A database is an organized collection of structured data stored and managed by a Database Management System (DBMS) so applications and users can create, read, update, and delete records efficiently. Databases hold the base tables that views query, enforce schemas and constraints, and provide transactional guarantees, indexing, and access control so multiple clients can work with the same data reliably. Databases may be relational, where data is stored in tables with rows and columns and relationships expressed through keys, or non-relational, using document, key-value, columnar, or graph models optimized for different workloads.
A view is a named, saved SQL query that behaves like a virtual table inside a database. It presents the result set of a SELECT statement so users and applications can query it with the same syntax used for ordinary tables, while the view itself does not permanently store the underlying data in most systems. Views provide an abstraction layer over one or more base tables or other views, hiding join logic, filters, and calculations from callers and centralizing complex query logic inside the database.
Views are used for simplifying queries, enforcing security and access control, and providing consistent interfaces across changing schemas. A developer can expose only selected columns or rows through a view, preventing direct access to sensitive columns in base tables.

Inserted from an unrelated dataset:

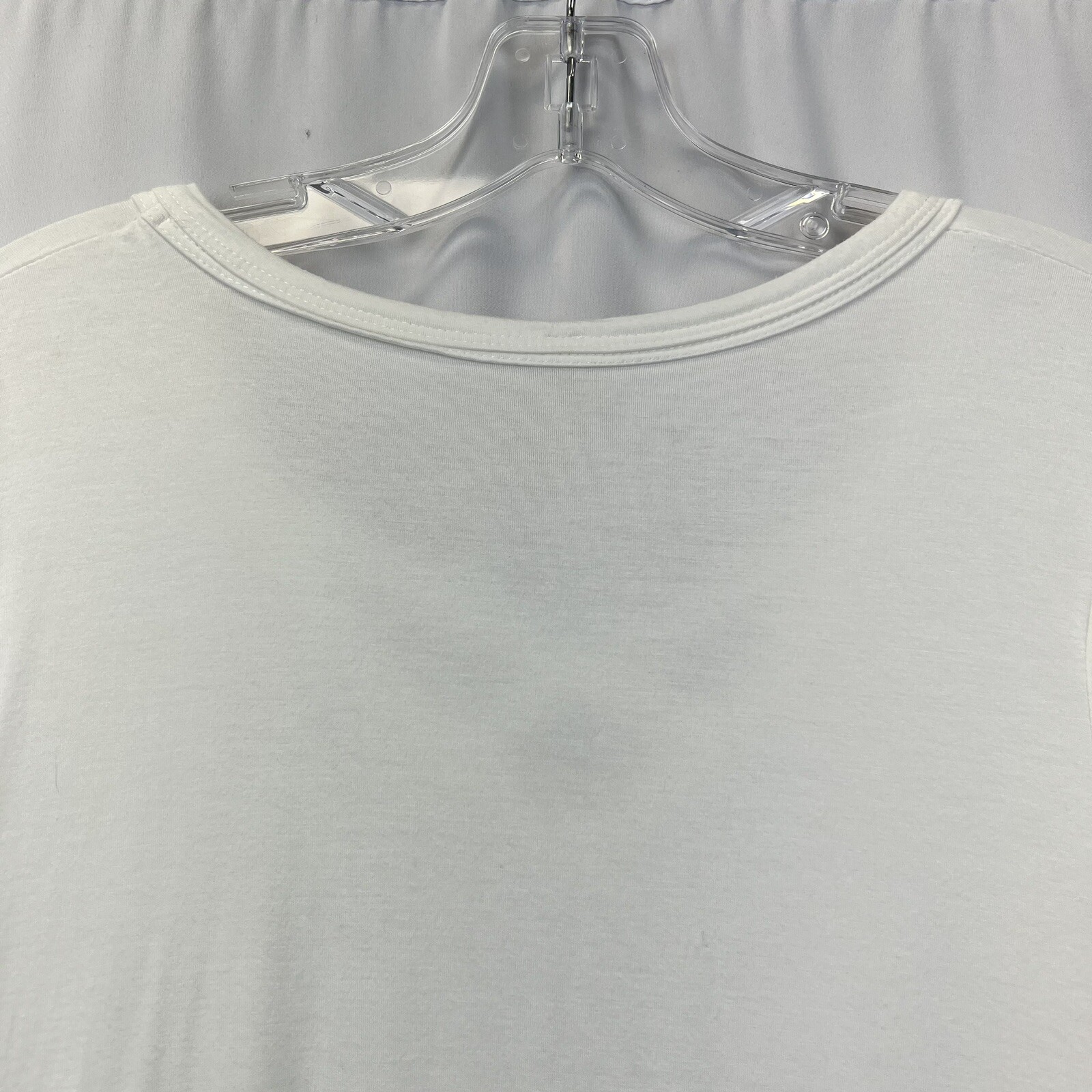 Lime n Chili Womens Top Cross Laced V-Neck 3/4 Sleeve Casual Ivory Size S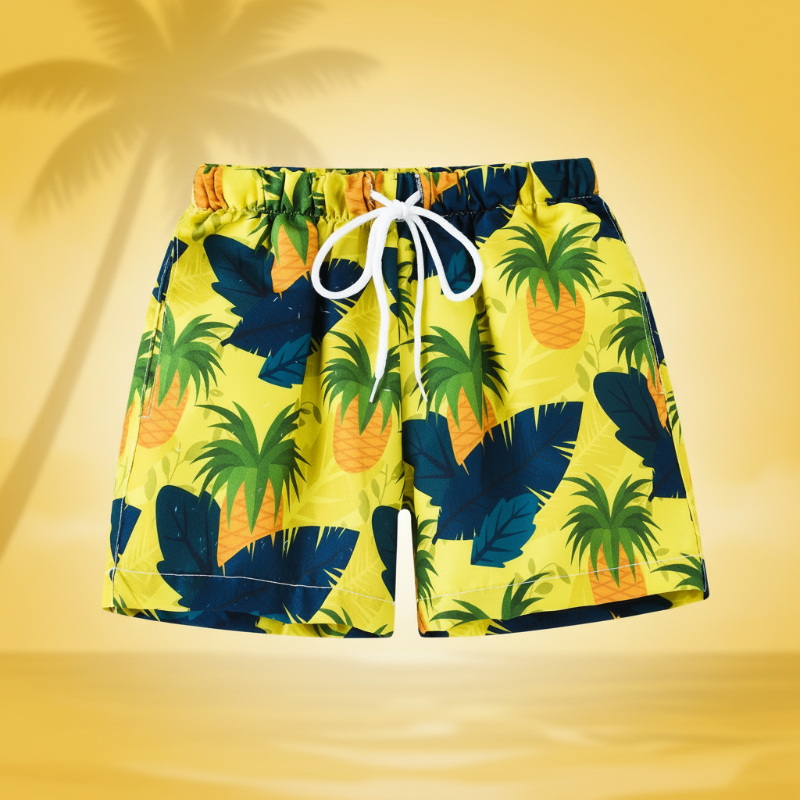 Beach Shorts – Leggero e divertente – Costume da bagno tropicale per bambini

Views also let DBAs and developers encapsulate recurring joins, aggregations, or business rules so reports and apps use a stable, well-documented interface instead of repeatedly copying complex SQL logic into client code. Materialized views are a special case where the view’s results are stored on disk to improve performance at the cost of refresh complexity.
Views are managed objects inside a database and have metadata such as owning schema, creation date, and definition text; many database systems let you inspect a view’s SQL definition and its dependencies so you can understand which tables and columns feed the view. When underlying objects are renamed or altered, the view may need updating to remain valid, and Database Administrators (DBAs) commonly query system catalogs to retrieve a view’s definition or dependent objects for maintenance and auditing.

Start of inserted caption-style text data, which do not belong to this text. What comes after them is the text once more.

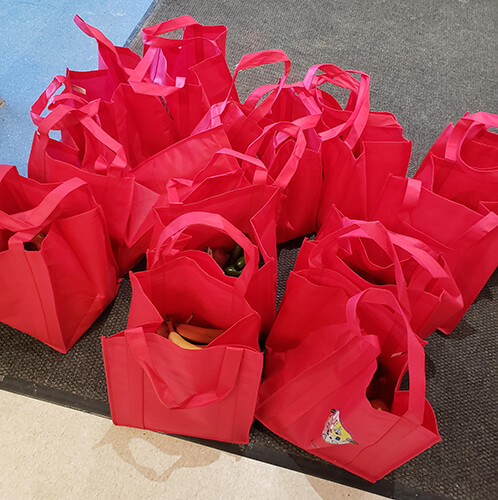 bags of groceries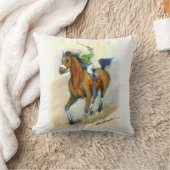 Ron Hevener "Fate of the Stallion" クッション (ブランケット)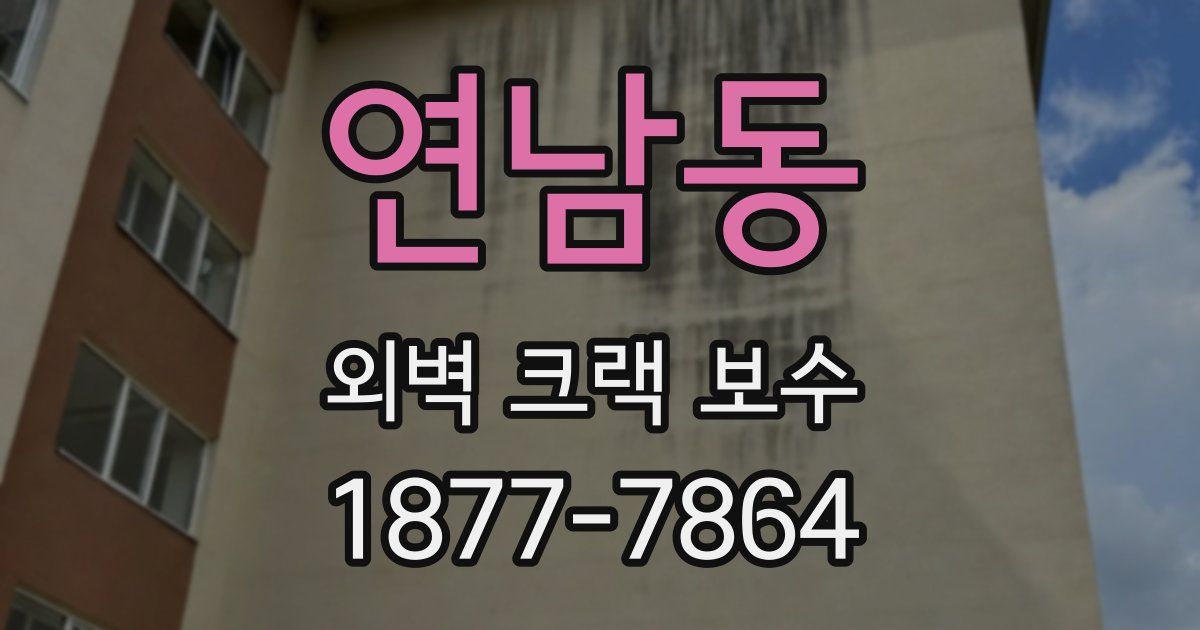 연남동 외벽 크랙 보수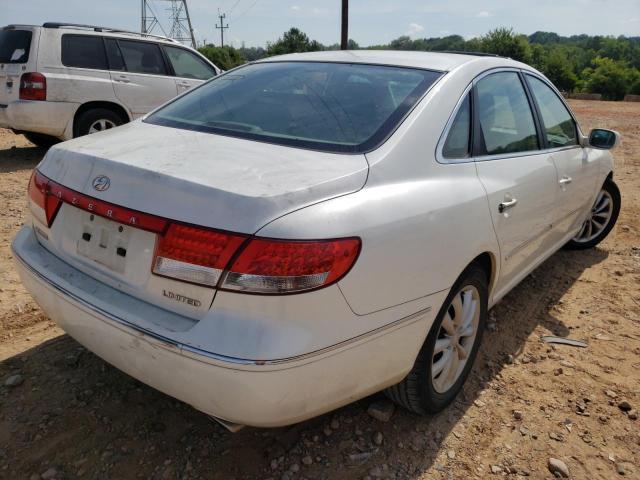 Photo 4 from auction – 2006 HYUNDAI AZERA SE with VIN KMHFC46F96A133083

A DBMS centralizes data definition, storage, and query execution so a view can present a virtual table derived from one or more base tables without physically duplicating data, while materialized views optionally persist results for performance. Databases also provide tools for backup, recovery, and auditing so changes visible through views are traceable and maintainable. Designers use databases to encapsulate business rules, normalize to reduce redundancy, or denormalise for read performance depending on access patterns. Views then act as stable, permissionable interfaces that simplify complex joins and enforce security, but hide evolving schema details from clients.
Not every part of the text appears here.